Armut & Sozialstaat

Warum es sich nicht jedeR leisten kann, AktivistIn zu sein.

Aktivismus ist ein großes Wort. In Österreich ist es vor allem eins, von dem sich jedeR tunlichst fernhalten sollte, der/die etwas „erreichen“ und nirgends anecken möchte. Vorauseilender Gehorsam ist schließlich noch immer eines der höchsten Güter in diesem Land. Schließlich ist es nicht mit dem neoliberalen und rechtskonservativen Mainstream vereinbar, in der Öffentlichkeit für die Rechte aller Menschen einzutreten. Denn der herrschende Diskurs sagt ganz klar: manche Menschengruppen sind weniger wert. Und auf deren Rücken muss die Elite blühen und gedeihen. So war es schon immer, und so wird es noch sehr lange sein. Kurzum: wenn du nicht zu dieser Elite gehörst, solltest du doppelt aufpassen, was du machst, sagst und wie du arbeitest.

Politisches Engagement bleibt daher oft jenen überlassen, die entweder nichts mehr zu verlieren haben, und jenen, die nie etwas zu verlieren hatten. Was ich damit sagen möchte? Wer in irgendeiner Form politisch aktiv ist und sich zur Zivilgesellschaft zählt, die etwas verändert, tut dies nicht im luftleeren Raum. Menschen, die in vielerlei Abhängigkeiten stecken, bleibt der Zugang zu aktivistischen Räumen häufig verwehrt – sie können es sich schlicht nicht leisten, unbezahlten, zeitaufwändigen und meist auch psychisch belastenden Aktivismus zu betreiben. Sei das online oder auf der Straße.

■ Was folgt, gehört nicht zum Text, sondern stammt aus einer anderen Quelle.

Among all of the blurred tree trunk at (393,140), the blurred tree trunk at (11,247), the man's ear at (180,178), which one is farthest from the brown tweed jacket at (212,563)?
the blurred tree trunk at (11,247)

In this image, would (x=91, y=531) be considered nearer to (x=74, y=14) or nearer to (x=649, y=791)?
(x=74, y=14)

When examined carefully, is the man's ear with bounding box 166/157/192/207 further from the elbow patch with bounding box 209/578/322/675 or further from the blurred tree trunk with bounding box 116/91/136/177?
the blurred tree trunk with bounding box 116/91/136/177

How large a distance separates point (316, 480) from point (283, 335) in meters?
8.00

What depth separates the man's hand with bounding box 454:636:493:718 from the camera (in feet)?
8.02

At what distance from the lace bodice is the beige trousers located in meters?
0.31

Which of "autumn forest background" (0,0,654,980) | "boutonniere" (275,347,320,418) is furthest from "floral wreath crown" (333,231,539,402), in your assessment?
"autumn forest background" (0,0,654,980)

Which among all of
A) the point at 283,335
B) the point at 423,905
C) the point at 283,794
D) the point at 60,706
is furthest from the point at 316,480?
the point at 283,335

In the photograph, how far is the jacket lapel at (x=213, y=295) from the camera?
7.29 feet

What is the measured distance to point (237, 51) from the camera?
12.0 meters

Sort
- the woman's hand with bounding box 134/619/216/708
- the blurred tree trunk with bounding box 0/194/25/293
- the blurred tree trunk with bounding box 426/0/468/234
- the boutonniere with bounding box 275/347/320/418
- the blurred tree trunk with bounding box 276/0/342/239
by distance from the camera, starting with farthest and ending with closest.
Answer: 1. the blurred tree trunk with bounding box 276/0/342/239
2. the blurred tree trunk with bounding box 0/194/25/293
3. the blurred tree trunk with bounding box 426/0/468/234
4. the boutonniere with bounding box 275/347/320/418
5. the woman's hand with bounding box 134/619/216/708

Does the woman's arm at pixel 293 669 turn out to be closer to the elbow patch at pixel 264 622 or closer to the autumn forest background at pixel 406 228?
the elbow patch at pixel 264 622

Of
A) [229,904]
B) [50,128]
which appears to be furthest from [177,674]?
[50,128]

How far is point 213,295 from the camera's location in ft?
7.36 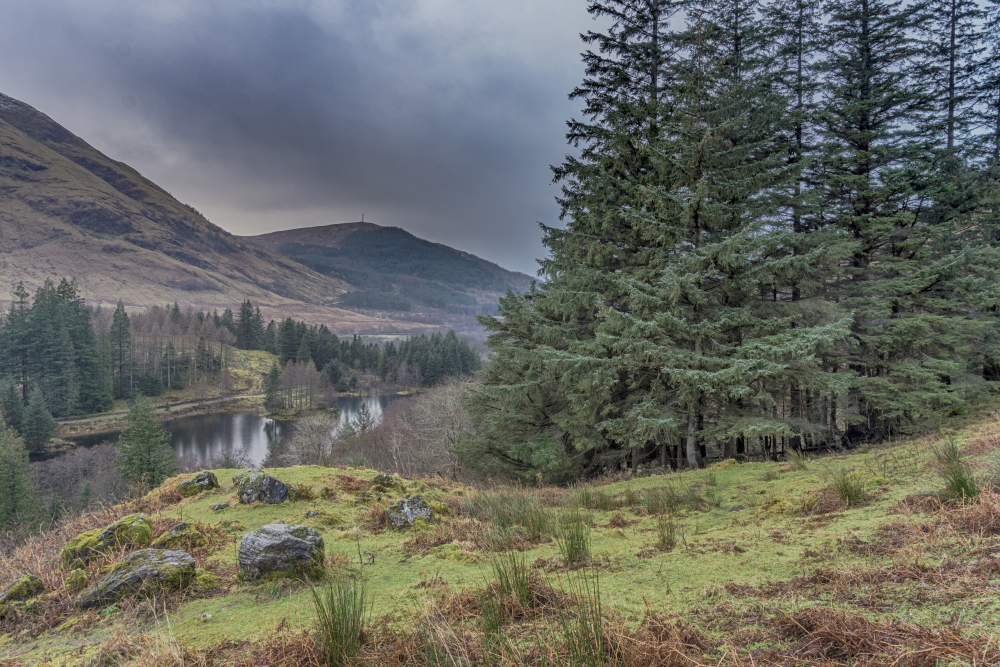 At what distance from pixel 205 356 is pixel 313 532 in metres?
91.2

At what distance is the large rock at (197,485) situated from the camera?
23.2 feet

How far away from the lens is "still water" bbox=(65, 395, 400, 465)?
43.5m

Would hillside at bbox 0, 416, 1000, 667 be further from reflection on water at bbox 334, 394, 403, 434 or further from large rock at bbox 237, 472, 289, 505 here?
reflection on water at bbox 334, 394, 403, 434

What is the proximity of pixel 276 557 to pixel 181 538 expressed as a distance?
1807 millimetres

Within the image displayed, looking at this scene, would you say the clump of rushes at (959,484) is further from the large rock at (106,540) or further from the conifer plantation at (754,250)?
the large rock at (106,540)

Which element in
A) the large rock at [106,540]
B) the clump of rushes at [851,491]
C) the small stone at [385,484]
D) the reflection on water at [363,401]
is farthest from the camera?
the reflection on water at [363,401]

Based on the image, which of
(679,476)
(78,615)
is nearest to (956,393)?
(679,476)

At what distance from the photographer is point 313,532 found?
410 cm

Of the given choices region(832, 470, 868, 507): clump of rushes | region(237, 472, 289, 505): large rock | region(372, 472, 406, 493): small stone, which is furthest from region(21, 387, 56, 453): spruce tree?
region(832, 470, 868, 507): clump of rushes

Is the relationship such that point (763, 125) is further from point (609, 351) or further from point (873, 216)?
point (609, 351)

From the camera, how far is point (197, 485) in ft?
23.5

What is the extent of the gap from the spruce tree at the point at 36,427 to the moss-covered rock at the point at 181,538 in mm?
57613

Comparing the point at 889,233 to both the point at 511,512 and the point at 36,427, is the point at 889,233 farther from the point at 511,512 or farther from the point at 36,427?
the point at 36,427

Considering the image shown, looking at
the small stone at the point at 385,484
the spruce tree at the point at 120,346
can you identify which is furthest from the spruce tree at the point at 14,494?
the spruce tree at the point at 120,346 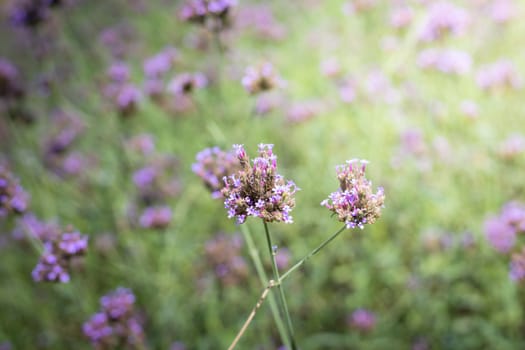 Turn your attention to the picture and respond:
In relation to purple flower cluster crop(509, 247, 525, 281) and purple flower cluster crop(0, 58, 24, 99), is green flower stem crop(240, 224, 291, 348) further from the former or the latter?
purple flower cluster crop(0, 58, 24, 99)

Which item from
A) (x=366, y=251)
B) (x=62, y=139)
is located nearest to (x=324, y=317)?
(x=366, y=251)

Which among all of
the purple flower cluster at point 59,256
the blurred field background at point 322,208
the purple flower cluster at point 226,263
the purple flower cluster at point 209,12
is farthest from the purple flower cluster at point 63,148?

Die Abhängigkeit von den Unternehmen, in denen diese Menschen – wahrscheinlich zu prekären Bedingungen – arbeiten, lässt sich ebenso nicht so leicht wegschreiben oder schönreden. Sie ist da und sie ist real. Denn es geht um nicht weniger als das eigene Überleben. Deshalb halte ich auch nichts von den „Wir müssen alle mehr tun“  Sprüchen – denn es ist ein massives Privileg, das tun zu können. Rauszugehen. Die Tür zuzuhauen, und zu sagen: „Jetzt wehre ich mich.“ Und das am besten laut und vor einer Fernsehkamera.

Wenn wir dann noch weiter hinter die Kulissen blicken, kommen wir schnell drauf: gerade jene, die mit ihrem Aktivismus in der Öffentlichkeit stehen, sind oft auch jene, die mit genügend Privilegien ausgestattet wurden. Und sollten sie das nicht sein, hier ein kleiner Aufruf an alle: Schulterklopfer und Pseudo-Solidaritätsbekundungen helfen politisch aktiven Menschen, die in Existenzangst, Bedrohung und unter psychischen Belastungen leben, nicht. Schaut stattdessen lieber, wie ihr sie real, und am besten finanziell, unterstützen könnt. Denn was viele, wie so oft, vergessen, sind die ökonomischen Bedingungen, unter denen Aktivismus entsteht, ausgeübt oder auch aufgegeben wird. Darüber muss geredet werden.